Below is a listing to write out in full, exactly as given, without its pictures.

── Dataset excerpt

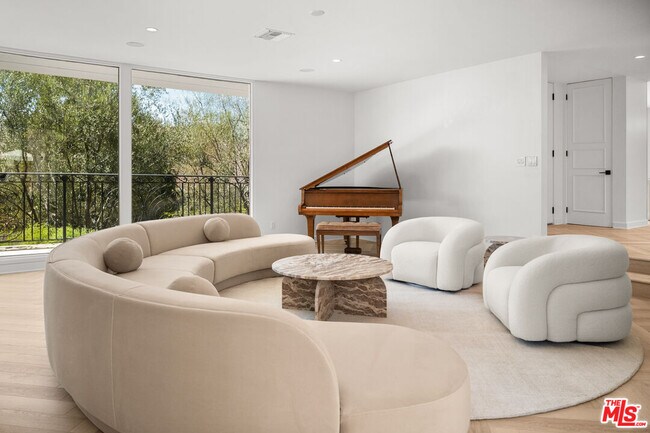 Building Photo - 9620 Highridge Dr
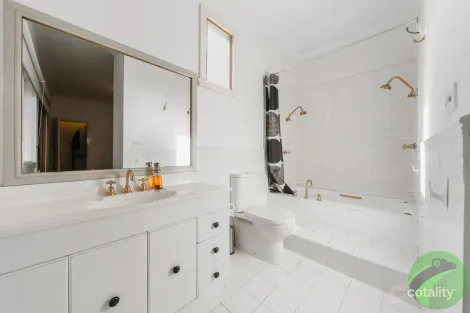 Property photo of 87 Fortescue Avenue Seaford VIC 3198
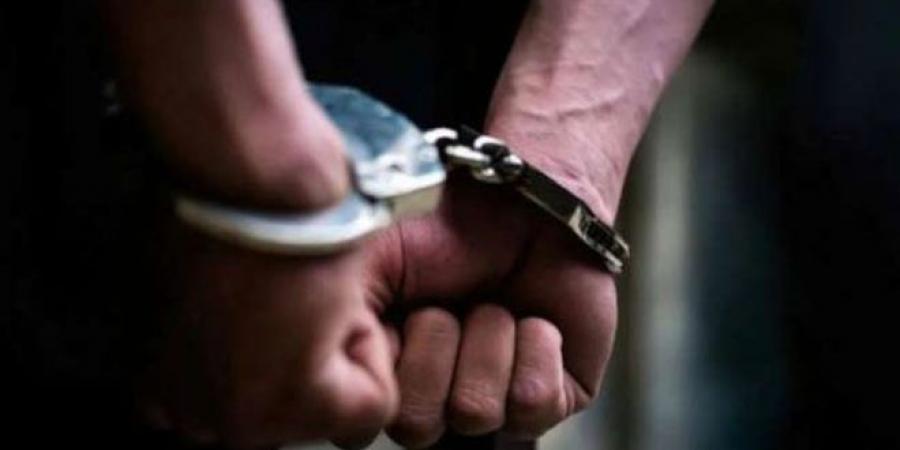 الاحتفاظ بمنحرف من أجل المضايقة والتهديد بواسطة آلة حادة لإمرأة محصنة..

────

> **Answer to this problem**
 Building Photo - 9620 Highridge Dr
 Property photo of 87 Fortescue Avenue Seaford VIC 3198
 الاحتفاظ بمنحرف من أجل المضايقة والتهديد بواسطة آلة حادة لإمرأة محصنة..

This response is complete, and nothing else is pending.